Erweiterung Versicherungssitz in Gießen
Akustische Flexibilität im Büro
Gegen witterungsbedingte Risiken wie Hagel, Sturm, Starkregen, Frost oder Dürre können sich landwirtschaftliche Betriebe europaweit bei der Vereinigte Hagel versichern lassen. Der Hauptsitz des Versicherungsunternehmens befindet sich im hessischen Gießen. Um hier für 30 neue Arbeitskräfte Platz sowie weitere Büro-, Besprechungs- und Tagungsräume zu schaffen, wurde das Hauptgebäude um einen dreigeschossigen Anbau im Nordosten des Grundstücks erweitert. Hier setzte das Frankfurter Büro für Innenarchitektur Moho 1 ein ganzheitliches Raumkonzept um, das eine flexible Nutzung der Räume beinhaltet. Um den raumakustischen Anforderungen einer offenen Bürogestaltung gerecht zu werden, setzten die Planenden auf akustisch wirksame Textilien.
Drei Büroebenen auf offenem Grundriss
Beim Grundriss
des bestehenden Gebäudes handelt es sich um ein größeres und ein
kleineres Rechteck, die versetzt zueinander angeordnet und an einer
Ecke miteinander verbunden sind. Der annähernd quaderförmige Anbau
knüpft an das größere der beiden Bestandsgebäude im Norden an und
wird im Erdgeschoss und im ersten Obergeschoss über zweiflügelige
Türen erschlossen. Im Untergeschoss befindet sich an dieser Stelle
der Zugang zur Tiefgarage.
Auf allen drei Ebenen, die insgesamt 1.100 Quadratmeter Fläche bieten, entschieden sich die Planenden von Moho 1 für eine weitestgehend offene Bürolandschaft. Das Gros der Arbeitsplätze befindet sich im Erdgeschoss sowie im ersten Obergeschoss und ist entlang der Außenwände angeordnet. Im Untergeschoss sind hauptsächlich Konferenzsräume untergebrarcht. Für informelle Besprechungen, aber auch zum Verweilen sind im südwestlichen Teil des Untergeschosses ein hölzernes Podest mit zwei runden Sitzgruppen und im nordwestlichen Bereich eine hölzerne Stufenkonstruktion eingebaut worden. Im Erdgeschoss und im ersten Obergeschoss gibt es jeweils einen größeren Meetingraum und mehrere kleinere Besprechungsmöglichkeiten.

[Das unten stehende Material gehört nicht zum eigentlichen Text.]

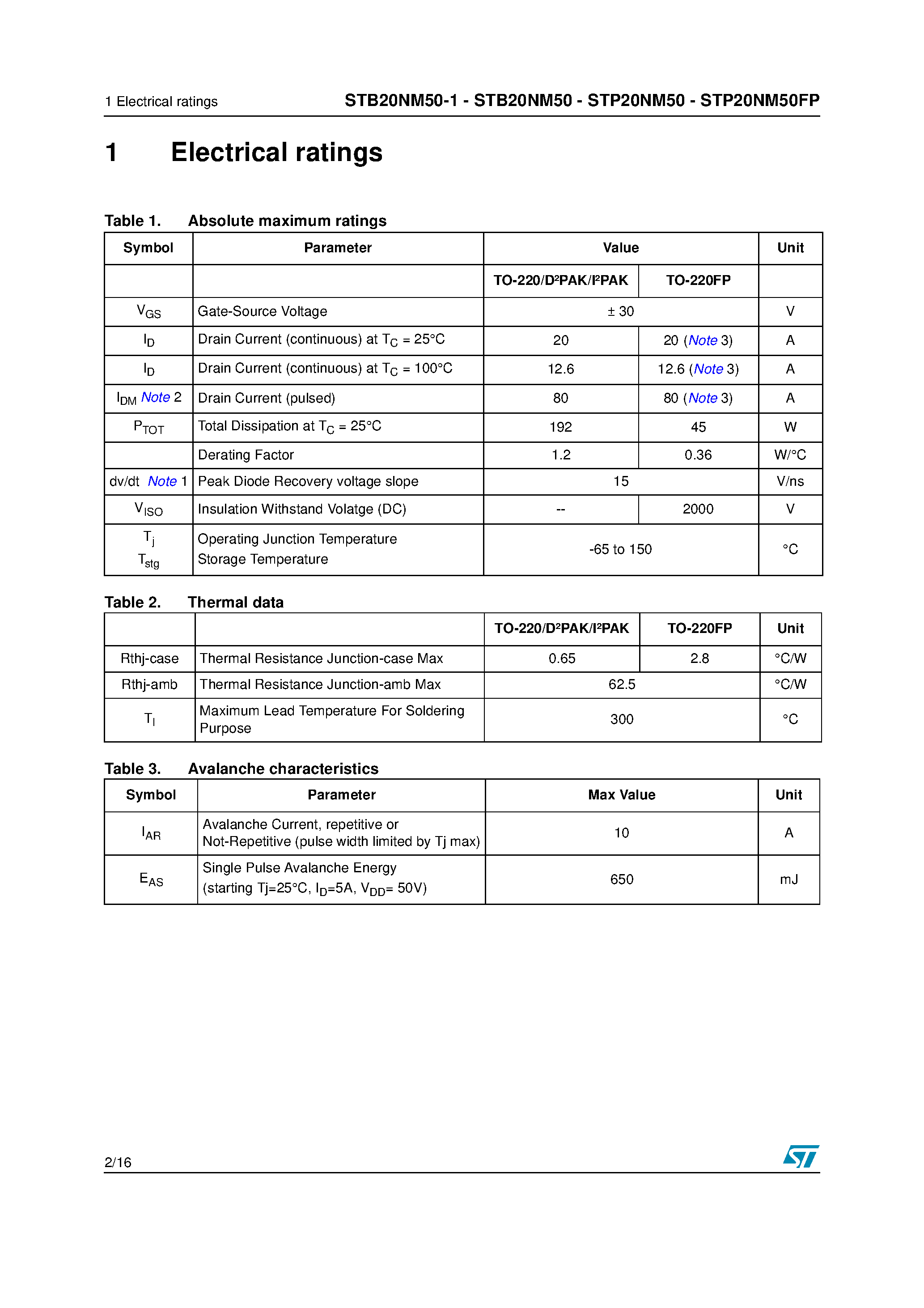 Datasheet STP20NM50 - N-CHANNEL POWER MOSFET page 2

Grautöne treffen bunte Farben
Die Oberflächenbeschaffenheit der Wände fällt in den Räumlichkeiten besonders ins Auge. Zum einen kommt hier grauer Sichtbeton mit deutlich wahrnehmbaren Lunkern zum Einsatz. Zum anderen wählte das Planungsteam eine weiße, optisch an Craquelé erinnernde Oberfläche, die reliefartig beschaffen ist und somit eine besondere Haptik besitzt. Nach Angaben der Planenden soll die Beschaffenheit der Oberflächen den Eindruck erwecken als seien sie von Hagelkörnern eingedellt worden. Auch der schieferfarbene Teppichboden soll mit seinen rechteckigen Erhebungen an durch Hagelschlag hervorgerufene Unebenheiten erinnern. Gläserene Trennwände grenzen die unterschiedlichen Arbeitsbereiche räumlich und akustisch voneinander ab.
Insgesamt dominieren die Farben Grau, Weiß und Schwarz. Einzelne
bunte Akzente werden durch farbige Möbel gesetzt. Beispielsweise
wurden für die Meetingräume im Erdgeschoss und im Obergeschoss
verschiedene Stuhlmodelle in unterschiedlichen Tönen ausgewählt.

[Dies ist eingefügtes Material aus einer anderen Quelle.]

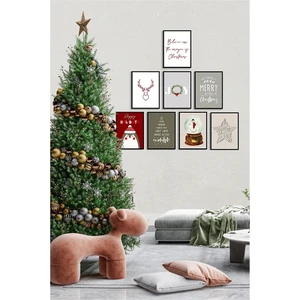 Çerçevesiz Çerçeve Görünümlü 8 Parça Yeniyıl Seti Yılbaşı Seti Mdf Tablo Seti Noel Set ÖZC-MDF8F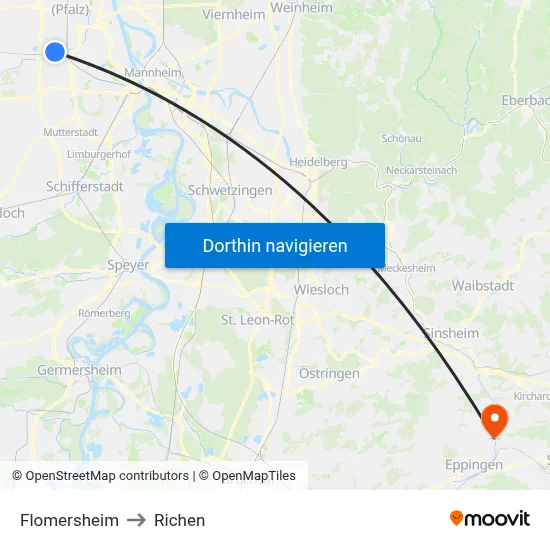 Flomersheim to Richen map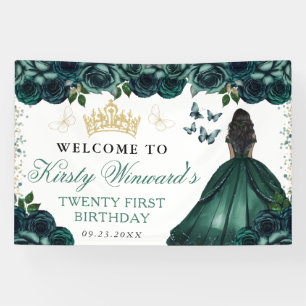 Green Dress Dark Skin Princess Floral Birthday Banner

Schwarze, pulverbeschichtete Deckenfluter, Pendel- und
Deckenleuchten und vereinzelt runde Lampions aus Papier sorgen für
eine helle Arbeitsumgebung.
Akustik: Textilien als Schallabsorber
Als Ausgleich für die schallharten Materialien, die in den
Büroräumen verbaut wurden, finden akustisch wirksame Vorhänge
Verwendung. Ein halbtransparenter Vorhangstoff in einem hellgrauen
Ton verbessert mit einem Schallabsorptionsgrad αw von 0,60 die Raumakustik
und fungiert zudem an den Fenstern als transluzenter Sicht- und
Blendschutz. Für eine Schallabsorption zwischen den Arbeitsinseln
und eine visuelle Zonierung der offenen Raumstruktur sorgen
Akustikpaneele, die mit einem blauen, schallabsorbierenden Stoff
bespannt sind. An den Arbeitstischen befestigt und auf den
Büromöbeln aufgestellt, dienen die Paneele der akustischen und
räumlichen Trennung der einzelnen Bereiche.

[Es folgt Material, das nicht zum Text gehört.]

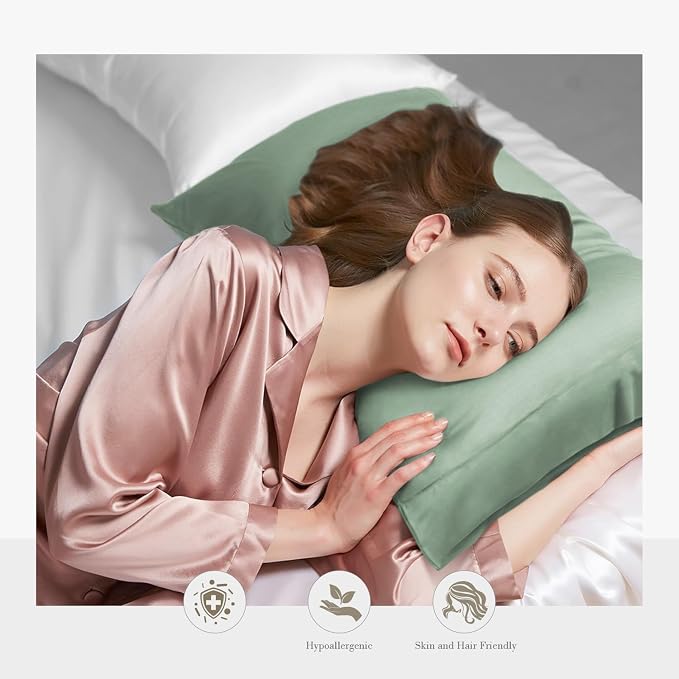 WishSmile Cooling Queen Pillowcases Set of 2 Breathable Cool Silky Soft Rayon - Image 2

Als dritte Akustikmaßnahme kommt ein Trennvorhangsystem mit
opaken, grauen Vorhängen zum Einsatz. Wie das Material, mit dem die
Akustikpaneele bespannt sind, weist auch der Stoff der
Trennvorhänge einen Schallasorptionsgrad αw von 0,75 auf. In
Schienen geführt, lässt sich der Vorhang einfach auf- und zuziehen
und minimiert damit bei Bedarf den Lärmpegel. Außerdem verkürzen
die textilen Raumteiler die Nachhallzeit, was sich insbesondere in
einer Umgebung mit vielen schallharten Oberflächen positiv auf die
Raumakustik auswirkt. Mithilfe der Trennvorhänge können mit wenigen
Handgriffen flexibel Besprechungsräume in der offenen
Bürolandschaft geschaffen werden. -np
Bautafel
Innenarchitektur: MOHO 1, Frankfurt am Main
Projektbeteiligte: Création Baumann, Langenthal (Acoustic Divider Vario, Stoffe Lord III, Cavallo Piu, Alphacoustic); Acousticpearls by Création Baumann, Langenthal (Akustikpaneele)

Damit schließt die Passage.